Four United Nations agencies have welcomed a grant of US$19.5 million from the Japanese government for humanitarian and development activities in Myanmar.
The “generous and timely” contribution was welcomed by the four agencies in a joint statement after a ceremony in Nay Pyi Taw on March 19 attended by the Japanese ambassador, Mr Tateshi Higuchi.
The ceremony was attended by representatives of the agencies – the Human Settlements Program (UN-Habitat), the High Commissioner for Refugees (UNHCR), the Children’s Fund (UNICEF) and the World Food Program (WFP) – as well as the Deputy Home Affairs Minister, Major-General Tin Aung Chit, and the Deputy Minister for Livestock, Fisheries and Rural Development, Dr Aung Myat Oo.
Of the aid package, $5.2 million will go to UN-Habitat to help communities affected by conflict and natural disasters, the statement said.
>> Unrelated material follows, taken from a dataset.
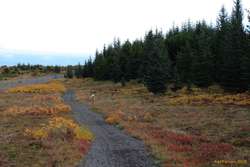 Riding in Heiðmörk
The funds will be used to rebuild low-cost housing for vulnerable poor families in Yangon and support the restoration of community infrastructure in conflict-affected communities at Mansi and Momauk townships in Kachin State and Pekkon Township in Shan State.
The UNHCR received $2.3 million to help the government respond to the shelter and other relief needs of internally displaced people in Kachin, northern Shan and Rakhine states.
The contribution of $3.75 million to UNICEF will help to improve maternal and child health and access to feeding programs for children, provide nutrient supplements and support efforts to tackle acute malnutrition in Kachin, northern Shan and Rakhine states. It will also help to increase access to primary, pre-primary and non-formal education and strengthen the protection of children from violence, abuse and exploitation.
The $8.2 million contribution to the WFP will support “life-saving food assistance to internally displaced people in Rakhine, Kachin and northern Shan states, whose livelihoods have been disrupted by conflict and violence,” the statement said.
The grant will be used to buy the rice, pulses, oil and salt that the WFP distributes each month to IDPs, as well as blended food for children under five and pregnant and nursing mothers to help prevent malnutrition.
“Ninety percent of the food will be purchased locally, thereby also supporting Myanmar farmers and contributing to the national economy,” it said.